Before I replace it with something that won’t catastrophically collapse when the wind blows the wrong way, I get some sort of sick satisfaction out of doing autopsies on the house-built-of-matchsticks “solutions” that users come up with and I don’t know why. Some of them are truly fascinating and make you wonder how someone could possibly arrive at that conclusion based on what they were actually try to achieve.
It’s also why if I’m asked to implement something, my first question isn’t “When does this need to be done?,” it’s “What exactly is the problem you’re trying to solve?”
What a user asks for and what they actually need very rarely intersect.
There is zero doubt in my mind. It’s literally how I learned what a cornucopia is.

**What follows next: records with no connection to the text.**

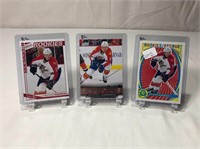 3 Jonathan Huberdeau Rookie Hockey Cards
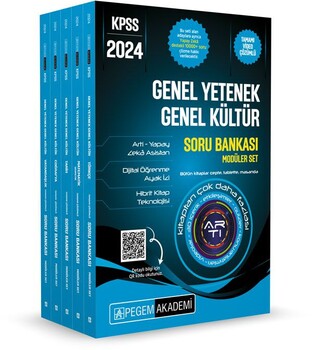 KPSS GYGK MODÜLER SB SET  -2024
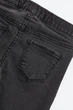 Джинсы H&M 1102642 116см темно-серый - изображение 2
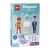 Układanka Magnetyczna Apli Kids Zawody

I was in 6th grade and our school was going to have a Christmas play, which involved some kids dressing as reindeer. The teacher showed us an example of the kind of sweatpants we’d need to wear, and they were Fruit of the Loom, still in the package. I asked the teacher what the brown fruit was, and she told me to look it up and that it was a cornucopia, except she said it like “Cornycopia,” which I couldn’t find in the dictionary until she told me it was spelled with a ‘u’ and not a ‘y’.
I didn’t misremember that, I didn’t confuse it with Thanksgiving, etc. The only reason I know what a cornucopia is is because of that and how she mispronounced it.